I think of it as an agreement relating to shareholders, just as a licence agreement is an agreement relating to licensing. But perhaps it should then be shareholders-agreement? (Not at all sure about this, from a grammar perspective.)
This discussion is a word-nerd’s delight. Love it. I’ve been watching the disappearance of the apostrophe in shareholder agreement and driver licence (Australia) and season greetings. It seems to be part of a growing trend to use nouns as adjectives. So in shareholder agreement, the ‘shareholder’ seems to be working adjectivally to describe the kind of agreement it is, rather than as a noun denoting an agreement between or of or for one or more shareholders.
The Financial Times in Hong Kong recently included headings:
” Europe jobs crisis worsens . . .” and
“Asia markets . . .”
Again, these seem to be nouns working as adjectives, otherwise they would have been written as “European Jobs crisis” and “Asian markets”.
I’ve heard it argued that there are a finite number of apostrophes in circulation. Many are used where they are not required, so perhaps we need to find ways to drop them where they once were required!
I am enjoying this blog immensely. As a junior lawyer, I sometimes puzzle over these types of things. In my experience if something is grammatically questionable in a precedent or draft received from “the other side,” such item will not be corrected unless it is particularly egregious. Essentially, I just have to go with what the person to whom I report wants to do.

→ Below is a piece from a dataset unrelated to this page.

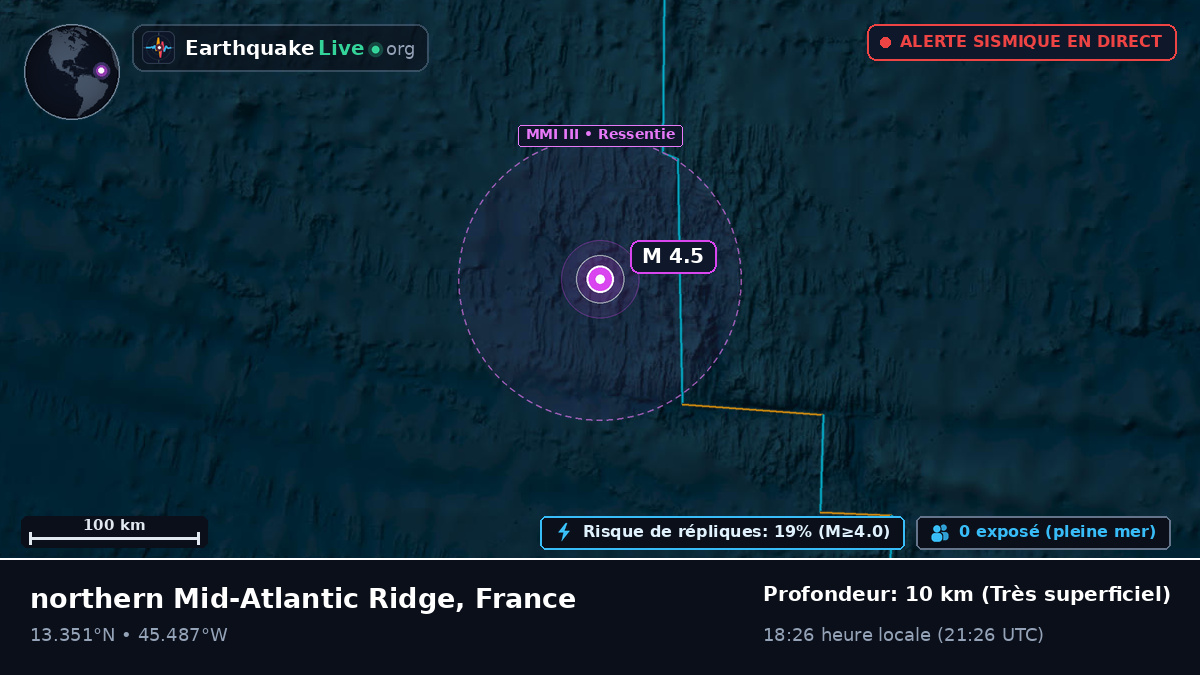 Océan Atlantique Nord (France)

In response to Mark Anderson, I would submit that the apostrophe still has a place, whether it is “old-fashioned” or not. I like that it, with economy of type and effort, provides significant information (whose understanding or agreement is this? this is the agreement of […]?) I definitely vote for “Shareholders’ Agreement.” It actually isn’t an agreement just related to shareholders.
That is interesting re: Japanese company names. I think that punctuation is relevant there as well, as it indicates abbreviation, among other things. Perhaps the answer is to use branded names in public uses – like how law firms often just use shortened versions of their names instead of the full “X, Y and Z, LLP.”
# Mark Anderson Says:
June 22, 2009 at 10:19 am
Ugh. A blog full of lawyers.
Anyway, I heard someone say that the possessive apostrophe should be dropped everywhere because, when we speak, there’s no indication of it. And incredibly, we still understand each other.
Besides, Gina is right that shareholders makes sense as an adjective. So let it be. Save ink.
Now quit your lawyer job and go open a restaurant! :)
Shareholders agreement, stockholders agreement are examples of attributive nouns. They answer the question, “What kind of?” as opposed to “Whose is it?” Therefore, no apostrophe is required. Other examples are carpenters union and ladies room.
I can't believe this post is for real. The rules are simple. It's as stated in the post re. apostrophes re. single or plural signatories, but what should also be taken into account is the nature of the agreement. So, if I am a single signatory to an agreement for multiple shareholders, then the nature of the document and the whole agreement should be taken into account. As for nouns effectively being adjectival, then you DO NOT use the plural, so Shareholder Agreement is perfectly valid and correct. For example, you would see a nine-hole golf course, BUT NEVER a nine-holes golf course. Indeed, anyone with any doubt as to what apostrophe to use should use this form, it saves getting it wrong.